UN plans to airlift humanitarian aid for Syria's Qamishli

UN plans to airlift humanitarian aid for Syria's Qamishli
The World Food Programme announced on Thursday it aims to provide aid to 150,000 people in Qamishli through aid drops set to begin in July.
2 min read
23 June, 2016
Roads to Qamishli pass through IS-controlled territory [AFP]
The United Nations said it would begin delivering vital humanitarian aid to the embattled city of Qamishli in Syria's northeast, which has been blocked off by road for over two years.

"We are just about to launch an air bridge into Qamishli from Damascus," the UN's humanitarian coordinator for Syria, Yacoub El Hillo, told reporters on Thursday.

"The reason for this is that we have run out of meaningful means to reach people over land," he said, adding that the airlift "will bring life-saving assistance to a very large number of people."

Lying near to the Turkish border in the governate of Hasakeh, Qamishli is only reachable by road through the Islamic State group dominated governates of Raqqa and Deir Az-Zour.

"They haven't been reached by land from within the country since early 2014," said Bettina Luescher of the World Food Programme - the UN agency that will be coordinating the operation.

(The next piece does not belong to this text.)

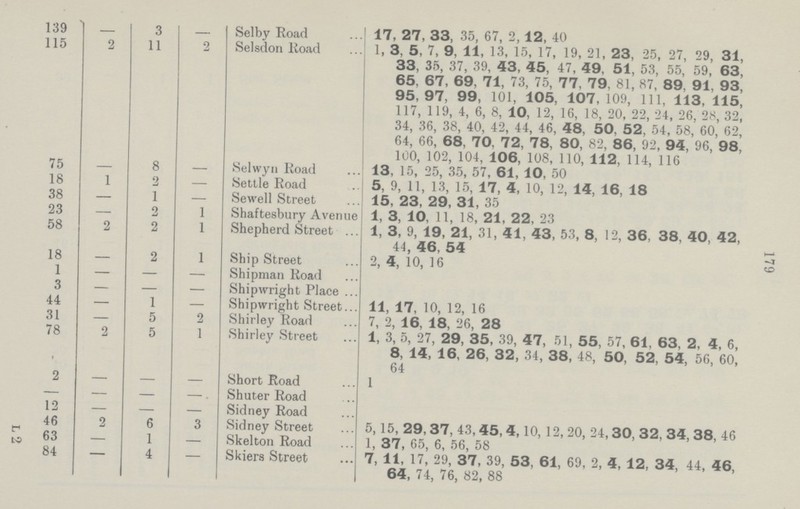 179 139 — 3 — Selby Road 17, 27, 33, 35, 67, 2, 12, 40 115 2 11 2 Selsdon Road 1, 3, 5, 7, 9, 11, 13, 15, 17, 19, 21, 23, 25, 27, 29, 31, 33, 35, 37, 39, 43, 45, 47, 49, 51, 53, 55, 59, 63, 65, 67, 69, 71, 73, 75, 77, 79, 81, 87, 89. 91, 93, 95,97, 99, 101, 105, 107, 109, 111, 113, 115, 117, 119, 4, 6, 8, 10, 12, 16, 18, 20, 22, 24, 26, 28, 32, 34, 36, 38, 40, 42, 44, 46, 48, 50, 52, 54, 58, 60, 62, 64, 66, 68, 70, 72, 78, 80, 82, 86, 92, 94, 96, 98, 100, 102, 104, 106, 108, 110, 112, 114, 116 75 — 8 — Selwyn Road 13, 15, 25, 35, 57, 61, 10, 50 18 1 2 — Settle Road 5, 9, 11, 13, 15, 17, 4, 10, 12, 14, 16, 18 38 — 1 — Sewell Street 15, 23, 29, 31, 35 23 — 2 1 Shaftesbury Avenue 1, 3, 10, 11, 18, 21, 22, 23 58 2 2 1 Shepherd Street 1, 3, 9, 19, 21, 31, 41, 43, 53, 8, 12, 36, 38, 40, 42, 44 , 46, 54 18 — 2 1 Ship Street 2, 4, 10, 16 1 — — — Shipman Road 3 — — — Shipwright Place 44 — 1 — Shipwright Street 11, 17, 10, 12, 16 31 — 5 2 Shirley Road 7, 2, 16, 18, 26, 28 78 2 5 1 Shirley Street 1, 3, 5, 27, 29, 35, 39, 47, 51, 55, 57, 61, 63, 2, 4, 6, 8, 14, 16, 26, 32, 34, 38, 48, 50, 52, 54, 56, 60, 64 2 — — — Short Road 1 — — — —. Shuter Road 12 — — — Sidney Road 46 2 6 3 Sidney Street 5,15, 29,37, 43, 45, 4,10, 12, 20, 24,30, 32, 34, 38, 46 63 — 1 — Skelton Road 1, 37, 65, 6, 56, 58 84 4 — Skiers Street 7, 11, 17, 29, 37, 39, 53, 61, 69, 2, 4, 12, 34, 44, 46, 64, 74, 76, 82, 88 L 2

She told AFP that 25 flights are planned to take place over the next month, each carrying 40 tonnes of aid. The aid drops - 70 percent of which will be food – are set to begin "in the next few days," she added.

Leuscher said that the July aid drops aim to feed 150,000 people.

The UN previously set up an airlift to bring aid to Qamishli in 2014, and has also delivered assistance across the border from Turkey, but the main border crossing has been closed since the beginning of the year.

According to the UN, a total of 592,000 people live in besieged areas across Syria, although other sources put the figure closer to one million.

Earlier this year, an assessment by the UN's own aid coordination body, OCHA, also found that Damascus-based humanitarian agencies were "protective of their relationship with the GoS (government of Syria)."

It was "becoming clear that the Government was hindering the establishment of a proper humanitarian operation from quite early in the crisis," the March report said.

But "UN agencies were simply not willing to jeopardise their operations in Syria by taking a tougher stance with the Government."